1911 Encyclopædia Britannica/Moser, Johann Jakob
MOSER, JOHANN JAKOB (1701–1785), German jurist, was born at Stuttgart on the 18th of January 1701. He studied at the university of Tübingen, where, at the early age of nineteen, he was appointed extraordinary professor of law. In 1729 he became ordinary professor, and in 1736 he accepted a chair and directorship in the university of Frankfort-on-the-Oder. On account, however, of differences with King Frederick William I. of Prussia, he resigned these offices in 1739 and retired to Ebersdorf, a village in the principality of Reuss, where for several years he devoted himself wholly to study, and especially to the production of his Deutsches Staatsrecht. In 1751 he was recalled to Würtemberg as district counsellor, and in 1759 was imprisoned at Hohentwiel on account of the steps he had taken in connexion with this office against certain tyrannical proceedings of the duke.
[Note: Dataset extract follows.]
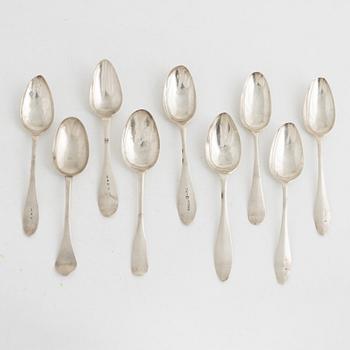 Eight Swedish Silver Spoons, 18th/19th Century.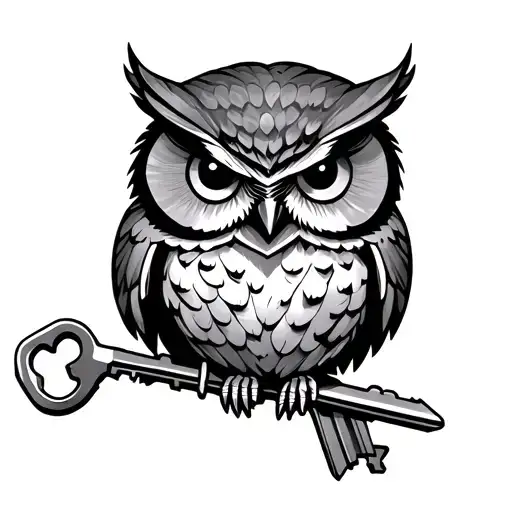 Owl Holding Two Keys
In 1764 he received his liberty and was restored to office. He died on the 30th of September 1785. Moser was the first to discuss in an adequate form the subject of European international law. He wrote more than 500 volumes, his principal works being Deutsches Staatsrecht (1737–1754), Neues deutsches Staatsrecht (1766–1775), Deutsches Staatsarchiv (1751–1757), Grundriss der heutigen Staatsverfassung von Deutschland (1754).
See Schmid, Das Leben J. J. Mosers (1868); Schulze, J. J. Moser, der Vater des deutschen Staatsrechts (1869).